I think I could replace r with 2R? Then the equations become
cos2(θ) + sin2(θ) = 1
And
4Rcos2(θ) + 12Rsin2(θ)=z
Not sure where to go now!

Last edited: Oct 10, 2015
2. Oct 10, 2015

### Ray Vickson

Your integration region $R$ is 3-dimentisonal:
$$R = \{ (x,y,z): x^2 + y^2 \leq 4 R^2, 0 \leq z \leq (x^2 + 3 y^2)/R$$
In cylindrical coordinates $x = r \cos \theta, y = r \sin \theta$ these become
$$\begin{array}{l} r^2 \leq 4 R^2 \Longrightarrow 0 \leq r \leq 2 R \\ 0 \leq z \leq r^2 (\cos^2 \theta + \sin^2 \theta + 2 \sin^2 \theta)/R = r^2 (1 + 2 \sin^2 \theta)/R \\ 0 \leq \theta \leq 2 \pi \end{array}$$

Last edited: Oct 10, 2015
3. Oct 10, 2015

### whatisreality

OK, I can follow that. And then the function I actually perform the volume integral on would be the z=... function, with those limits?

4. Oct 10, 2015

### Ray Vickson

You tell me.

5. Oct 10, 2015

### whatisreality

Those are definitely the limits of the integration. And the function to be integrated obviously has to be in cylindrical coordinates too. So I think the function should be the z= function in cylindrical coordinates.

6. Oct 10, 2015

### whatisreality

Because if I integrated the other function, that would just give me the volume of the cylinder. But I'm still not really confident with my answer!

Last edited: Oct 10, 2015
7. Oct 10, 2015

### Ray Vickson

I am not sure what your issue is here. What was the answer you got? What detailed formulas did you use to get it? Did you do it two different ways and get two different answer? What, exactly, is the problem?

8. Oct 10, 2015

### whatisreality

Oh, no, haven't computed the integral yet. My issue was, initially, I didn't know what to do, which I now do. The answer I'm not confident with is the answer that I should be integrating the z= function, even though I'm nearly 100% sure it's right. But I'm nearly never confident in my answers, so that's fine! :)

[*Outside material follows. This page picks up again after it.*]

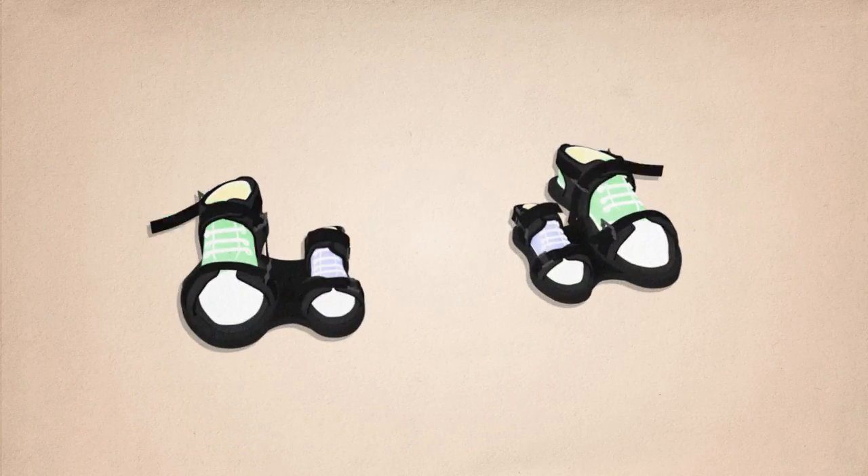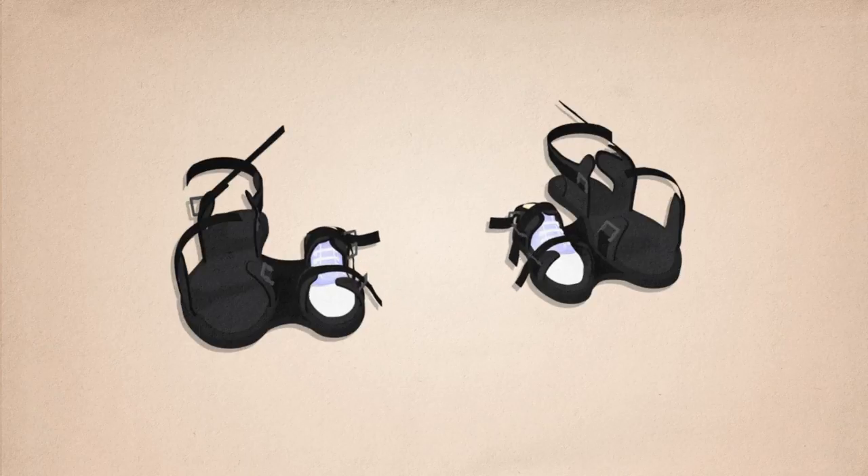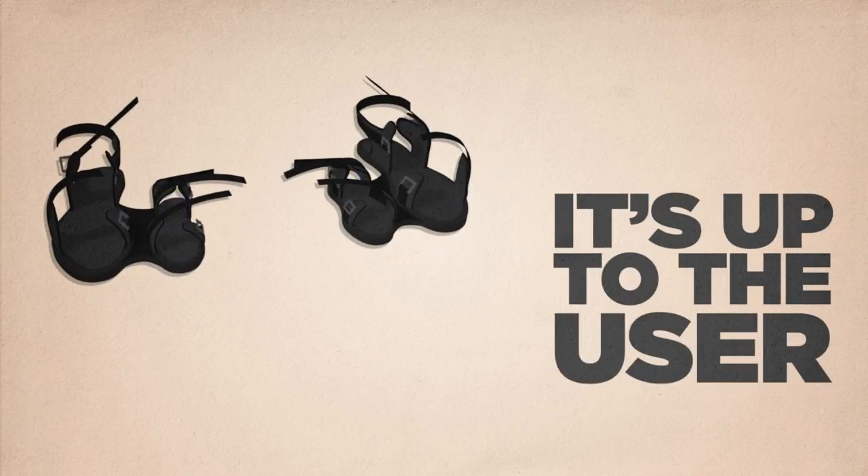Undo your feet from the double sandals, then your child's feet. You may take your child's feet out first if this feels easier for you.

I do know how to actually do the integral now that I have the limits though. Triple integral with respect to r dr dθ dz. I really appreciate you taking the time to reply by the way, thank you for your help!

9. Oct 11, 2015

### whatisreality

Well, now I have done the integral, and I do actually still have a problem...

So since V=∫∫∫ r dr dθ dz, you integrate r dr dθ dz with the limits found?
Although actually, you have to rearrange the z= function to get an expression for r. Which would be

r = $\sqrt{ \frac{zR}{1+2 \sin^2(\theta)}}$

Which I would not enjoy integrating. Or do you just make a function f(r, θ, z) by turning z = $\frac{r^2(1+2\sin^2(\theta))}{R}$ into

f(r, θ, z) =$\frac{r^2(1+2\sin^2(\theta))}{R} - z$? I don't actually know what to integrate.

10. Oct 11, 2015

### whatisreality

Er, not just ∫∫∫ r dr dθ dz, I think that might be just for cylinders actually.